# What's the best brand of clubs



## Mizuna (Dec 8, 2006)

Hey everyone - I'm new here and it's just to ask some questions, I've been trying to buy my boyfriend used but good left-handed clubs for Christmas so he and I can learn golf together next spring. I'm lost, there are so many out there and I am not familiar with the specific brands, I've even stooped to checking out pawn shops - simply b/c they're so affordable! My next option is e-bay or overstocks.com but I still don't know what I'm lookinf for. Help Me PLEASE!!


----------



## zaphod (Jan 3, 2007)

Callaway x14,16,18,fusion--- Mizuno mx23---Adams hybrid set---Hogan hybrid set----I would not start with a driver. get a 3 wood. Cleveland launcher is good for one. A
sand wedge 56 degree clev or titleist and a putter 2ball putters are popular I wouldnt pay more than $50 for a putter as you will be getting a new one as you get more proficient. Also i would lean towards the hybrid sets for beginner as they are much more forgiving. Golf lessons for a birthday present and driving range for a date. This will set up your hobby and social life for a while. Good beginner golf balls at about $0.75 per ball new or a good used ball on ebay Maxfli noodles or Titleist NXT at about $0.50 per ball with no nicks.

happy golf and hope you and boyfriend enjoy golf and life.

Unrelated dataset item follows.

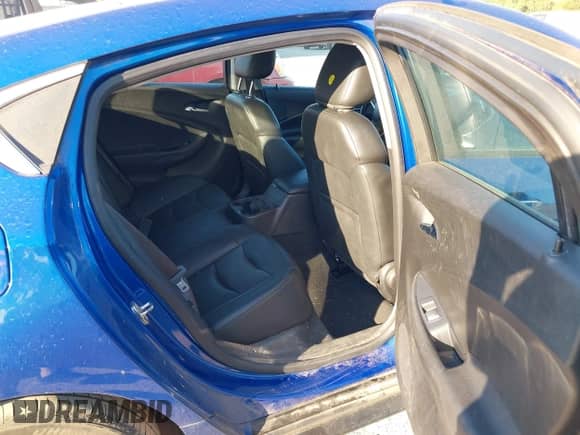 2016 Chevrolet Volt Premier z VIN 1G1RD6S51GU130310, wystawiony jako IAAI lot #43132418 z przebiegiem 144 495 mil mil oraz . Historia ofert i sprzedaży dostępna na DreamBid. Obrazek 8.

by the way since you are looking for left handed clubs your selection on ebay will be more limited but the price should be cheaper.


----------



## 373 (Jun 9, 2006)

Check out Callaway Golf Pre-Owned & Outlet: Used Golf Clubs, Drivers, Fairway Woods, Iron Sets, Individual Irons, Wedges, Putters

They have used sets of clubs with highly UNDER rated conditions, in other words, the clubs will bebetter than they describe them.

I'm a big fan of Callaway products, but that's not to say others like Mizuno, Titleist, Cleveland or TaylorMade don't also make perfectly good clubs. It's a matter of what works for you.

One thing though, I highly recommend finding good quality clubs, but used to cut your initial cost. The quality of the club pays for itself in performance over the long run.


----------